LiangXu123 commented 6 years ago

I think you can just restore some specific layers instead of all layers in your model, this will restore all layers in your checkpoint model:

saver = tf.train.Saver(tf.trainable_variables()) saver.restore(sess, modelpath + "sports1m_finetuning_ucf101.model")

you can skip some layers which will casue dimension mismatch like this:

var_list = [v for v in tf.trainable_variables() if v.name.find("conv") != -1] #this will only restore the conv layers saver = tf.train.Saver(var_list )

953585130 commented 6 years ago

@cc786537662 Sorry, I still have to bother you. I know that fine-tuning is to change the parameters in front of fc, fine-tuning fc and softmax. I tried to modify the code in train_c3d, sorry for the failure.

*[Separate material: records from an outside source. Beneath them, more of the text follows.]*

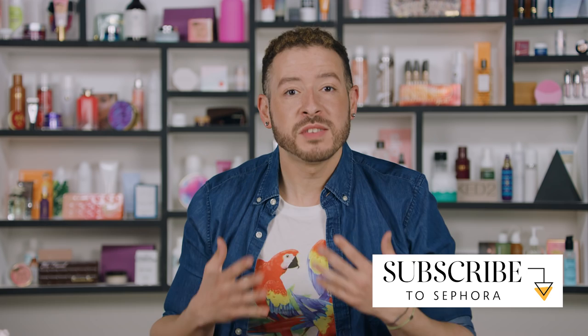Hey there, Jeffrey here again from Sephora Pro, back with another video about skincare. You guys are constantly commenting about how important SPF is in a makeup routine, and I really appreciate that — especially when talking about amazing skincare products like peels and retinols. It is really important to protect your skin, especially if you're going to be using a lot of active skincare.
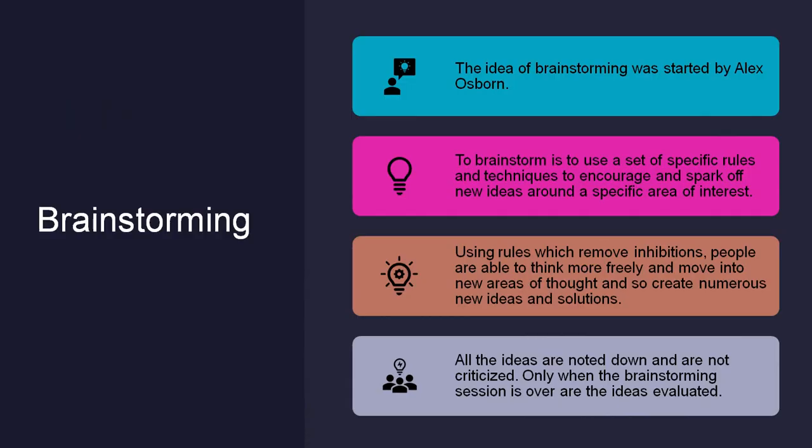We will start with brainstorming. The idea of brainstorming started when Alex Osborne, an advertisement executive, was frustrated with the poor creative output he was receiving from his employees. He realized that brainstorming in a group is much more powerful and efficient than ideating independently. To brainstorm is to use a set of specific rules and techniques to encourage and spark off new ideas around a specific area of interest. Using rules which remove inhibitions, people are able to think more freely, move into new areas of thought, and create new ideas and solutions.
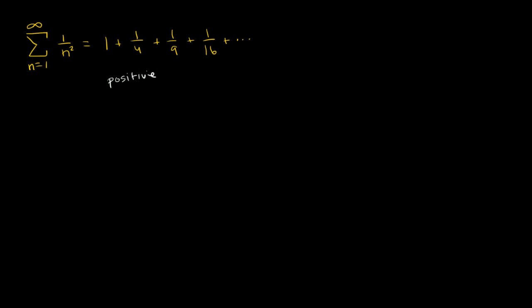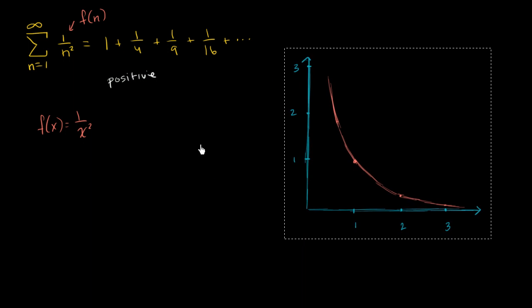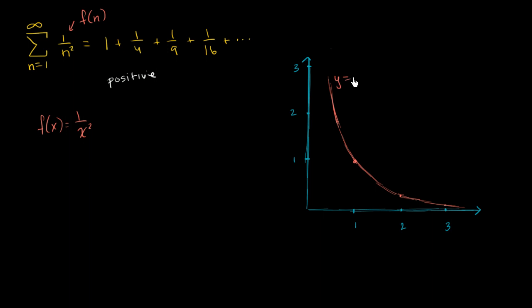To show the series is bounded, we're going to explore the related function f(x) = 1/x². You can view each term 1/n² as f(n). Let's graph it. The graph of y = f(x) is a continuous, positive, decreasing function, especially over the positive values of x that we care about.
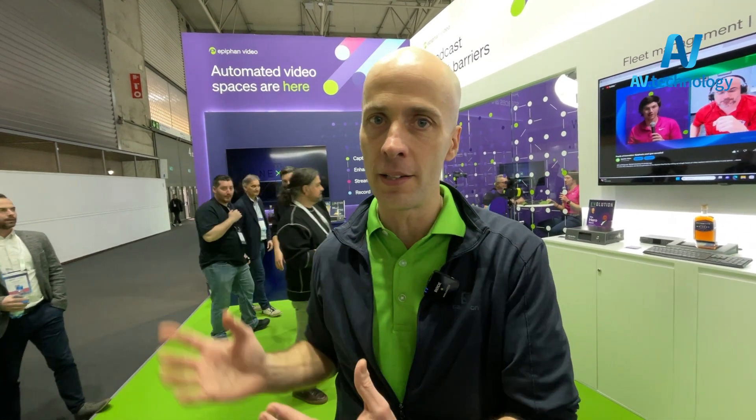It says on our display behind us: automated video spaces are here. That's a lot of the ethos of our product line, because we make them really, really easy to just set and forget.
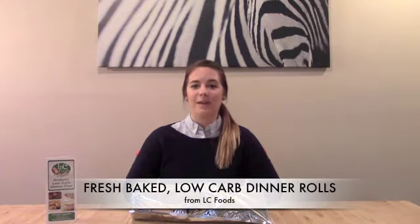Hi there. LC Foods is proud to now offer our fresh baked low carb dinner rolls. Our dinner rolls have never been frozen — they're baked fresh and shipped to you the same day.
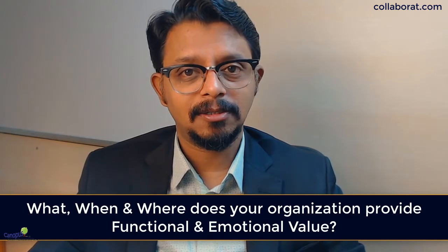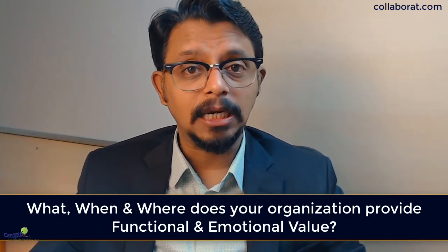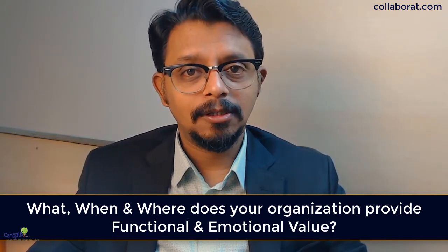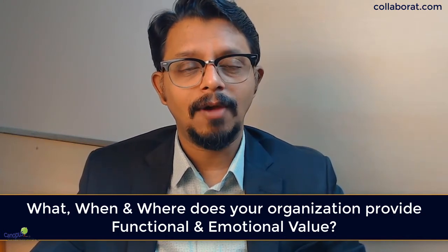But do we at all focus on the emotional aspects? Yes, some industries do. We look at some of the best in class such as Ritz-Carlton or maybe Disney. These examples we all talk about. Why? Because they provide a lot of emotional value far beyond the functional value that we want to create in our product or service.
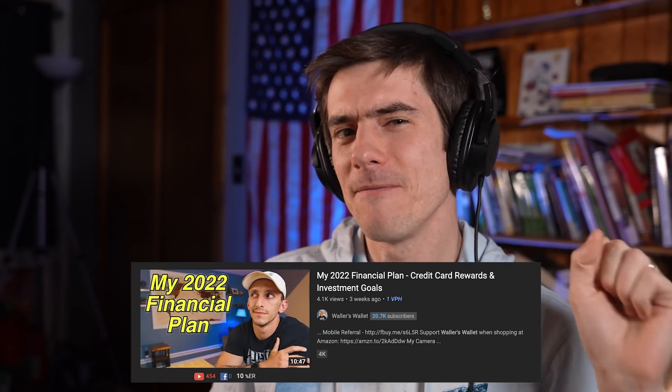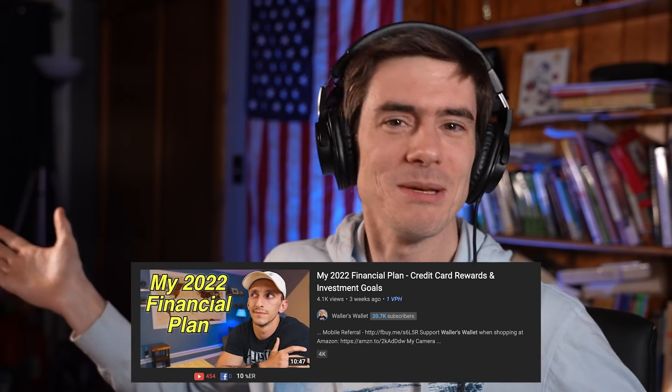Hey, credit warriors. Welcome to the show. We have a special guest on today's show. I was on this man's show a few years ago, and I want to return the favor. He recently uploaded a video about his credit card setup for 2022, and everyone seems to be doing these credit card setup for 2022 videos. Without further ado, let's introduce Dustin from Waller's Wallet. How are you doing, man? I'm great, Ben. Thanks for having me on.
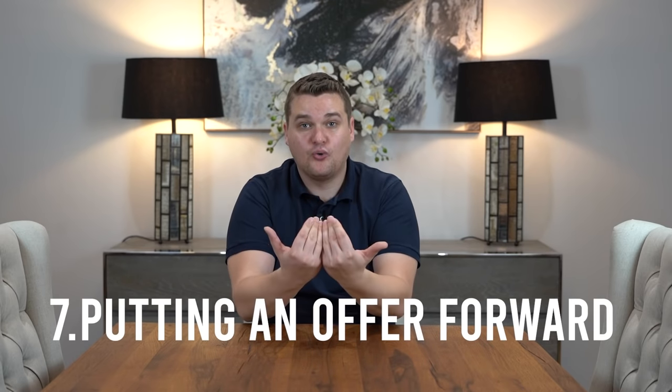Step seven is putting an offer forward on the house. Sometimes people wonder how you put forward an offer — do you write a letter, send an email? It's simple: you just ring up and tell them what you want to offer. I recommend never offering full asking price — you want to get a discount. Put forward your offer and the estate agent will go back and forth with you, putting it to the seller. Never try to go direct to the seller because the agent will hate you for it — the estate agent needs to be your best friend. Let them do all the negotiations, tell them what you want to offer, and hopefully you'll hear: congratulations, your offer has been accepted.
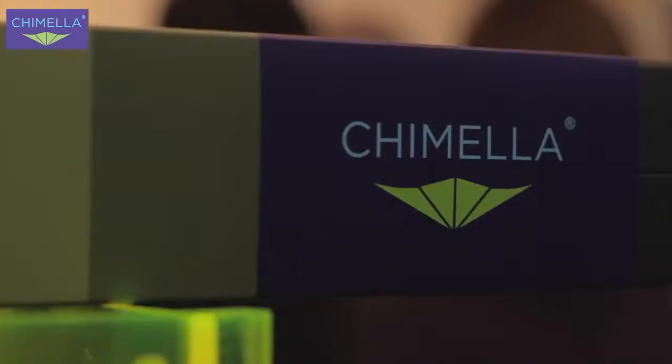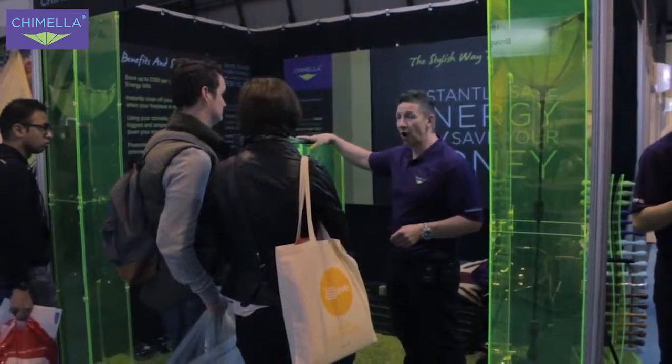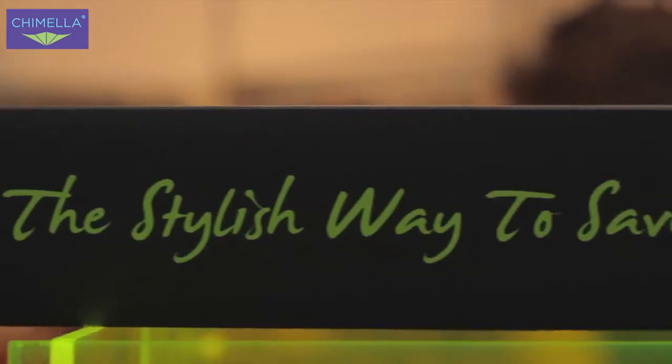Hi, my name's Simon and I'm the inventor of Chimela, a chimney umbrella. It's basically been designed to close off your chimney flue when you're not using your fireplace. What a lot of people don't understand is most of your energy is being lost through your chimney. 40 cubic metres of air per hour is being drawn out from inside your house and into the atmosphere. We've developed the Chimela to close off that chimney flue when you're not using the fireplace and basically save you up to £200 a year on your energy bills.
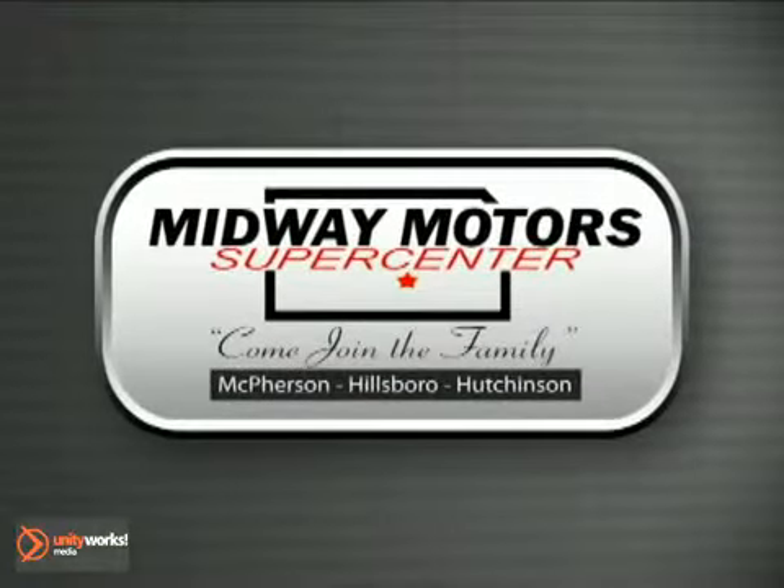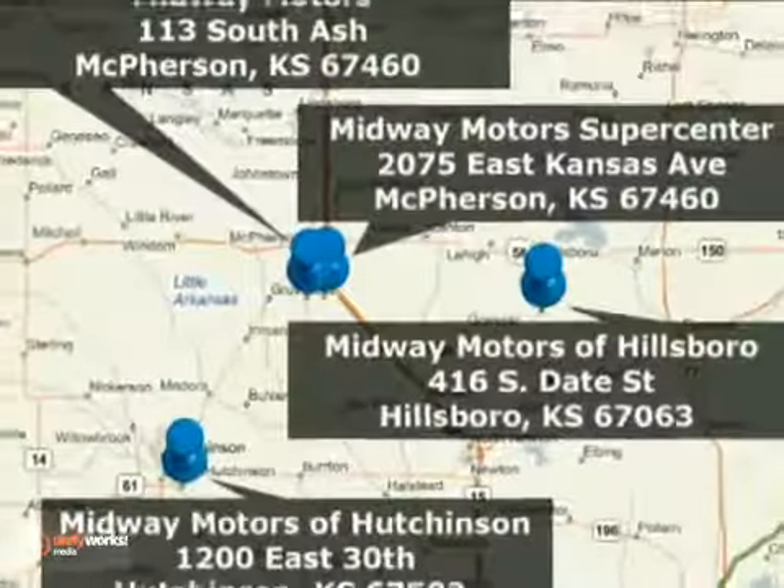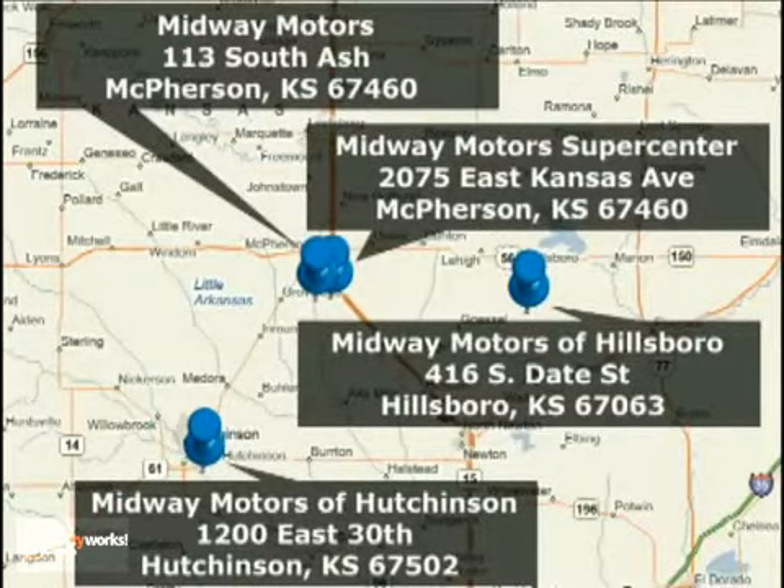Family owned and operated Midway Motors, now providing complimentary maintenance for a year with every vehicle purchase. There are four convenient locations to serve you. Come join the family.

Create a saver for writing training checkpoints.

saver = tf.train.Saver(weights.values() + biases.values())
init = tf.global_variables_initializer()

# Create a session for running Ops on the Graph.
sess = tf.Session(
                config=tf.ConfigProto(allow_soft_placement=True)
                )
sess.run(init)
if os.path.isfile(model_filename) and use_pretrained_model:
  saver.restore(sess, model_filename)

How should I modify it?

KKkarthikK commented 5 years ago

@cc786537662 , @953585130, I have the same issue, I have taken 16 classes out of 101 in ucf data set. there is a class mismatch error like rhs has [4096,16 ]and lhs has [4096,101]. help me to slove this issue

LiangXu123 commented 5 years ago

just skip last layer when you restore the checkpoint, this is a basic tensorflow skill, you can google it.

leesky1c commented 5 years ago

@rockXL , Hello, bro. how do you convert a model from type in caffe to Tensorflow? For example, if I want to use the R2+1D pretrained model now, what should I do? By using the tools like mxdnn or anything else?